Oleh: Sulis Setiawati, S.Pd
Aktivis Muslimah
Indonesia kembali menjadi lokasi uji coba vaksin, kali ini vaksin TBC, yang dilakukan oleh lembaga internasional, salah satunya didukung oleh Bill & Melinda Gates Foundation. Dengan melibatkan puluhan ribu warga Indonesia sebagai relawan, uji coba ini disebut-sebut sebagai “terobosan penting” untuk mengatasi TBC global. Namun, di balik narasi “penyelamatan kemanusiaan”, tersimpan fakta yang perlu dicermati dengan jeli bahwa Indonesia sedang dijadikan ladang eksperimen dalam skema kapitalisme global atas nama kesehatan.
Bill Gates memang dikenal sebagai filantropis di bidang kesehatan. Namun, dalam sistem kapitalisme, filantropi sering kali menjadi wajah manis dari kepentingan industri besar. Melalui yayasannya, Gates mendanai riset vaksin global, memengaruhi arah kebijakan WHO, dan berperan besar dalam proyek-proyek vaksin di negara-negara berkembang.
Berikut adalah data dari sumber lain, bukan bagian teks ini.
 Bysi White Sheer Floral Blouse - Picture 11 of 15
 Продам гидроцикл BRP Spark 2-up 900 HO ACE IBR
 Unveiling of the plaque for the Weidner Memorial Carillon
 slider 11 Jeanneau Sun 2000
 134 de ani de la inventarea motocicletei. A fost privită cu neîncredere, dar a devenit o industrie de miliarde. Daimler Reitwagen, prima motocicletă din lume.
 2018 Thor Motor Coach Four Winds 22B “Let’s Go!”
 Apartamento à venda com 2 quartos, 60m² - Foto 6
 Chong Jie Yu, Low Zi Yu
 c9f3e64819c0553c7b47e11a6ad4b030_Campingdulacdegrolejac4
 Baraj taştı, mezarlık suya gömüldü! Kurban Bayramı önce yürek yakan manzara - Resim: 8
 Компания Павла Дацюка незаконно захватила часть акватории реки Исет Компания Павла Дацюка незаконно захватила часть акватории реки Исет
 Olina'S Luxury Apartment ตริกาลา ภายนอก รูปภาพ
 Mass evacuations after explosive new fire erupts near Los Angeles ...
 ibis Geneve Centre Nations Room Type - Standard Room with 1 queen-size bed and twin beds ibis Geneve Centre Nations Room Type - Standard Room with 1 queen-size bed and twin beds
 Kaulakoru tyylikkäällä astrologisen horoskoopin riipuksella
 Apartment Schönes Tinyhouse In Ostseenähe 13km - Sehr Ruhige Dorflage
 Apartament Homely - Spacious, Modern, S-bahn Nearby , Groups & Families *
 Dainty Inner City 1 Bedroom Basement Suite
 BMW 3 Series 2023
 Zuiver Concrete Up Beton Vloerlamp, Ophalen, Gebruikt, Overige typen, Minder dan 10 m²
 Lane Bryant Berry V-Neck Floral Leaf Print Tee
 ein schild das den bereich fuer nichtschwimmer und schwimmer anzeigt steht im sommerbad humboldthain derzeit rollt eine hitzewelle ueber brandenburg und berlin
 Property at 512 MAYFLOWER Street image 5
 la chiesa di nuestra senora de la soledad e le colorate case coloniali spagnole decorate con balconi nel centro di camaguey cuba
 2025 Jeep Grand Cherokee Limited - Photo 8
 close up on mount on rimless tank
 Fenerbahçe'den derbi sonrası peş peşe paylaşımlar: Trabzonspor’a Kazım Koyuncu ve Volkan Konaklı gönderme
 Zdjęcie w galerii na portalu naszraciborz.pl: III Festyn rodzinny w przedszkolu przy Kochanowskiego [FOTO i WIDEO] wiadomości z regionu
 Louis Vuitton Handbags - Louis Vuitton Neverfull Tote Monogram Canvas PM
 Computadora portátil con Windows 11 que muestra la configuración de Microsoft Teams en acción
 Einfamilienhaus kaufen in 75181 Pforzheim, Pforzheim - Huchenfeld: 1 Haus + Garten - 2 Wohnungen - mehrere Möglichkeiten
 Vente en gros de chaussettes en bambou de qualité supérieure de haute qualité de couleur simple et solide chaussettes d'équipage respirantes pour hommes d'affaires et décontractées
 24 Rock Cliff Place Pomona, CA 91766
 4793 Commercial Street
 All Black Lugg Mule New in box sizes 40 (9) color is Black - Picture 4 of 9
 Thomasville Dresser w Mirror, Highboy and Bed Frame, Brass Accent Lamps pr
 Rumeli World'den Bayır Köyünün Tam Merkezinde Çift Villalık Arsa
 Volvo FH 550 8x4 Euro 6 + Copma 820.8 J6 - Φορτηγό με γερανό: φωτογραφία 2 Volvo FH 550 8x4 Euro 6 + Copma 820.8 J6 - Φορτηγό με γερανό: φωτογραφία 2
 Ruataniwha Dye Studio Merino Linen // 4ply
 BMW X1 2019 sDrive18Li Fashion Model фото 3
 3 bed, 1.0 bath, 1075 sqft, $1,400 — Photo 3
Namun, pertanyaannya: mengapa vaksin-vaksin ini diuji di negara seperti Indonesia? Mengapa bukan di negara-negara asal korporasi farmasi itu sendiri?
Jawabannya jelas, karena negara seperti Indonesia lemah secara politik, ekonomi, dan regulasi. Dalam sistem kapitalisme global, negara-negara dunia ketiga dijadikan objek eksploitasi—pasar bagi produk farmasi sekaligus tempat uji coba atas nama pengentasan penyakit. Rakyat miskin dijadikan relawan, bukan karena pilihan, tetapi karena kondisi. Ini adalah kapitalisme kesehatan, di mana riset dan pengobatan dikomersialisasi, dan nyawa manusia menjadi angka statistik untuk keuntungan industri.
Bill Gates dan yayasannya bukan aktor tunggal, tetapi bagian dari jaringan kekuatan kapitalis global yang mengendalikan sektor kesehatan dunia. Di balik riset dan dana besar, ada skenario bisnis jangka panjang—dari paten vaksin, distribusi, hingga kontrol kebijakan kesehatan global. Indonesia, dengan sistem politik yang tunduk pada kepentingan asing, hanya menjadi pelaksana, bukan penentu arah.
Dalam sistem Islam, negara wajib menyediakan layanan kesehatan berkualitas secara gratis dan mencegah campur tangan asing dalam urusan vital umat. Pengembangan vaksin dan obat-obatan dilakukan oleh negara secara mandiri dengan mengedepankan keamanan, kehalalan, dan kepentingan umat, bukan keuntungan korporasi. Sains dan teknologi dalam Islam bukan untuk mengeruk untung, tetapi untuk menjaga kehidupan dengan standar syar‘i dan kemanusiaan hakiki.
Maka, uji coba vaksin TBC di Indonesia bukan sekadar isu kesehatan, tetapi cermin dari sistem yang menjadikan manusia sebagai alat, bukan tujuan. Umat Islam harus menyadari bahwa selama sistem kapitalisme terus bercokol, kesehatan akan tetap dikuasai korporasi, dan kita akan terus menjadi objek dari agenda global. Solusinya? Tegaknya sistem Islam kaffah dalam naungan Khilafah yang menjaga kesehatan sebagai amanah, bukan komoditas.